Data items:
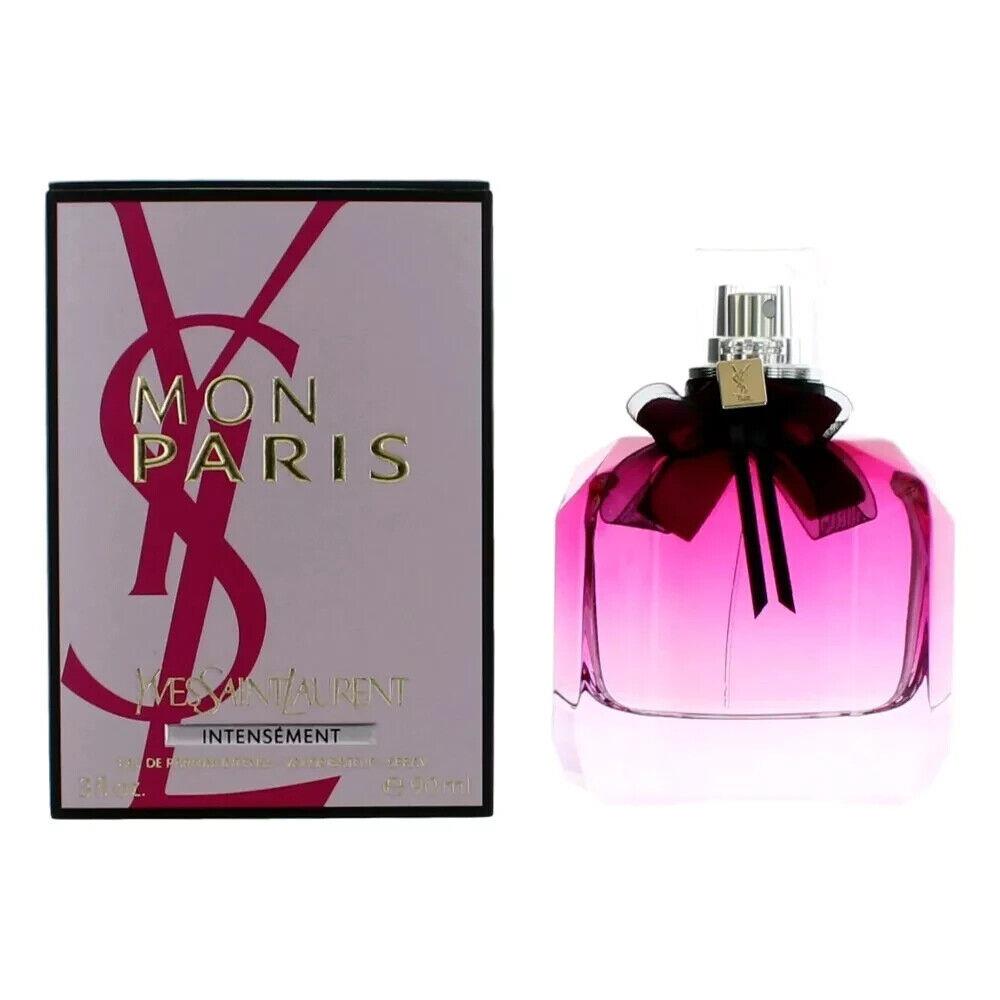 Yves Saint Laurent Mon Paris Intensement by Ysl 3 oz Edp Intense Spray For Women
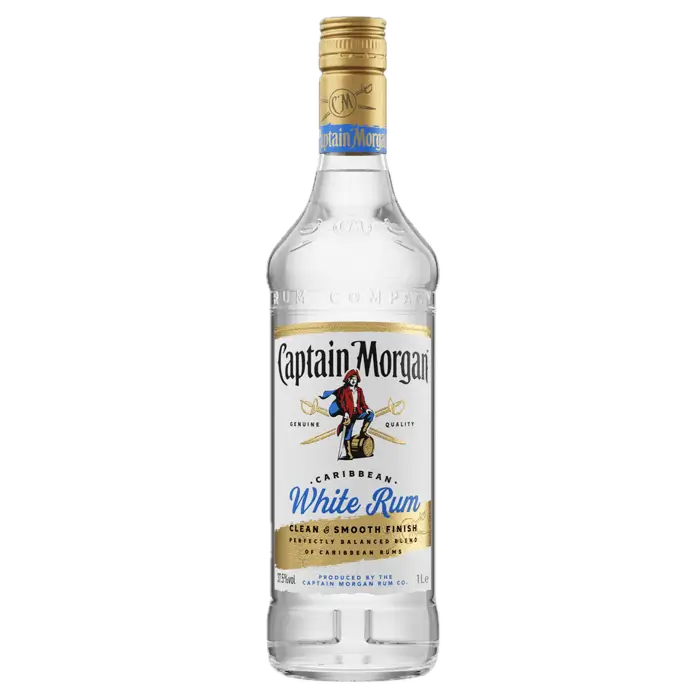 [0,70L] Captain Morgan White Rum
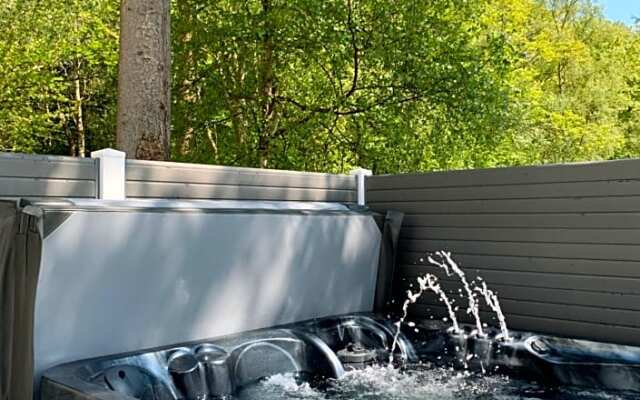 Percy Wood Lodges with Hot Tubs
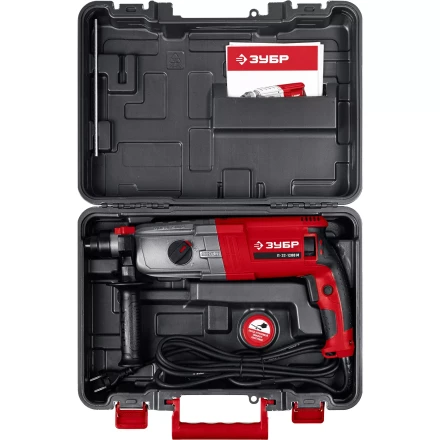 ЗУБР 32 мм, 1200 Вт, перфоратор SDS Plus, мет. корпус (П-32-1200 М) купить в Когалыме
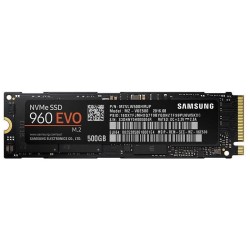 SSD Samsung 960 EVO M.2 NVMe 500 GB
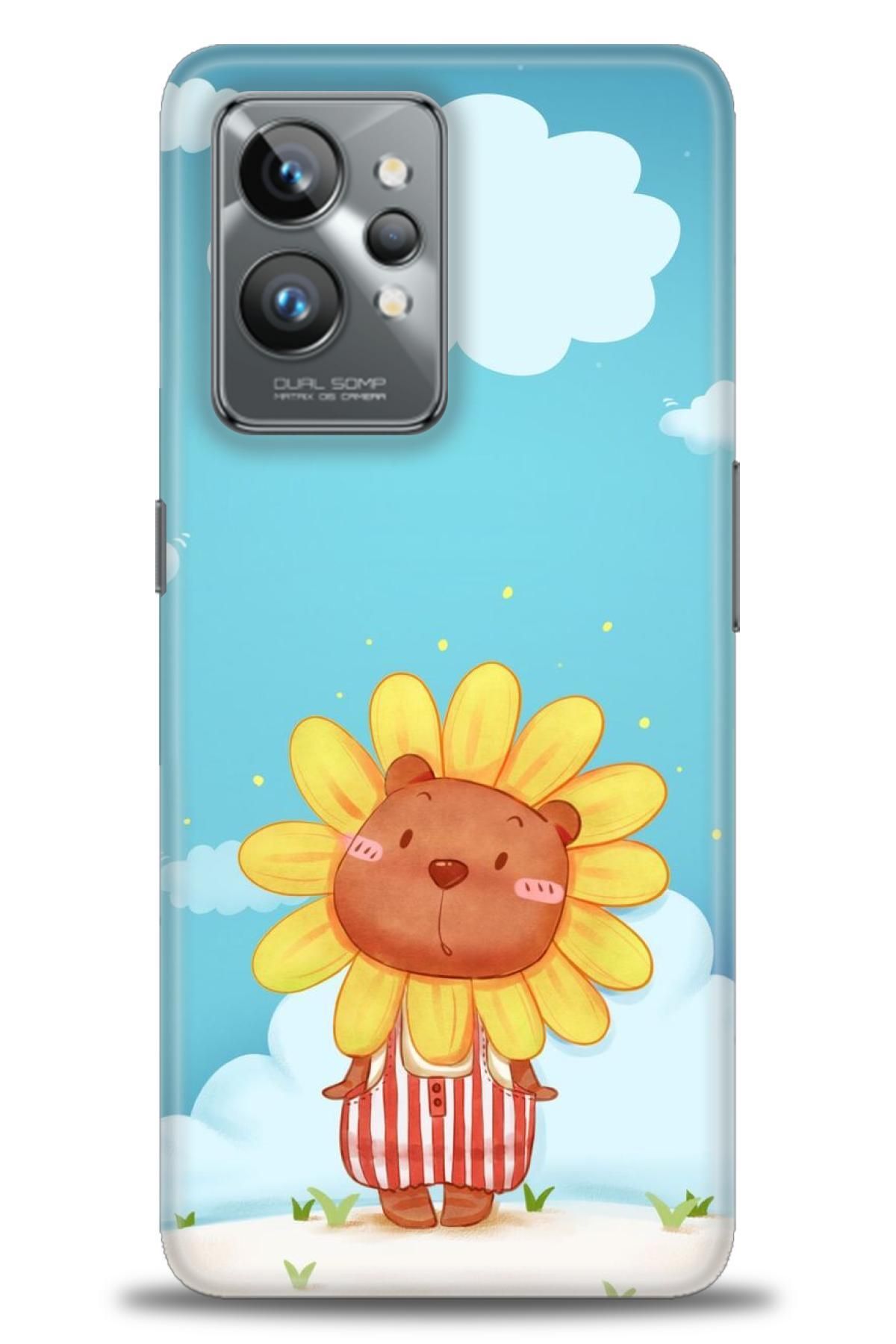 realme GT2 Pro İle Uyumlu HD Baskılı Kılıf - Karışık Seri - 423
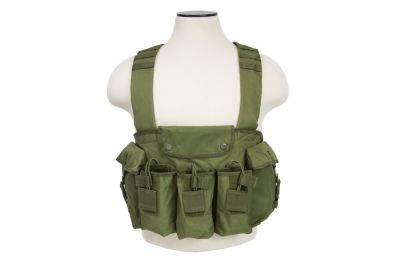 NCS VISM Chest Rig (Olive) - Detail Image 1 &copy; Copyright Zero One Airsoft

**What the task requires**. An exact transcription is needed, covering the line with "ЗУБР 32 мм, 1200" and every line after it to the end of the entries, but not the pictures.

**Output for this exercise**.
 ЗУБР 32 мм, 1200 Вт, перфоратор SDS Plus, мет. корпус (П-32-1200 М) купить в Когалыме
 SSD Samsung 960 EVO M.2 NVMe 500 GB
 realme GT2 Pro İle Uyumlu HD Baskılı Kılıf - Karışık Seri - 423
 NCS VISM Chest Rig (Olive) - Detail Image 1 &copy; Copyright Zero One Airsoft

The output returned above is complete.